For when you're experimenting, yes, it should be.
I'm not sure that it actually works for journaling filesystems like ReiserFS 
or Ext3, though.

> Until kill -9 doesn't seem to take effect I believed in kill -9 as the
> last resort which will eventually kill a process. This doesn't seem to
> the case.

SIGKILL *cannot* be trapped by a process, and always terminates the process 
immediately.
However, there is one case where it doesnt't - when the process is currently 
running a syscall, or otherwise is in kernel context. Sometime syscalls take 
forever, which is annoying.

That said, kernel processes - generally anything with a really low PID and a 
name starting with 'k' - are always in kernel context.

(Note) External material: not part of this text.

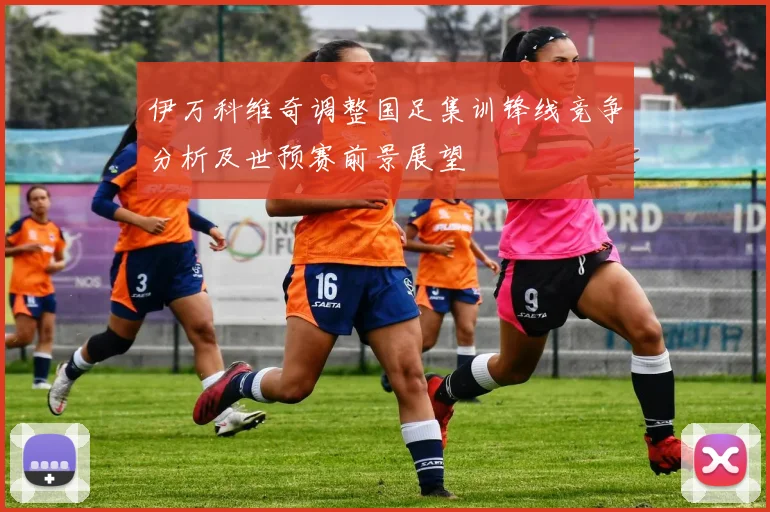 伊万科维奇调整国足集训锋线竞争分析及世预赛前景展望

Thus, they cannot be 
killed, which is good since if they could be your system would execute HCF 
immediately.

> > >   Any idea what this process does?
> >
> > STFW. http://lwn.net/2001/0726/a/ugly.php3
> > In short: That is, as the name suggests, a kernel daemon handling soft
> > IRQs which hannot be handled at the spot.
>
> But something seems to flood my systems with "soft irqs".

Take a look at /proc/interrupts when that is happening. Under the CPU0 column, 
one number will be large - and probably increasing rapidly.

Take a note of which driver is responsible, which you can see to the right of 
it, and let us know. Oh, and you might want to unload said driver.

- -- 
Some people only open up to tell you that they're closed.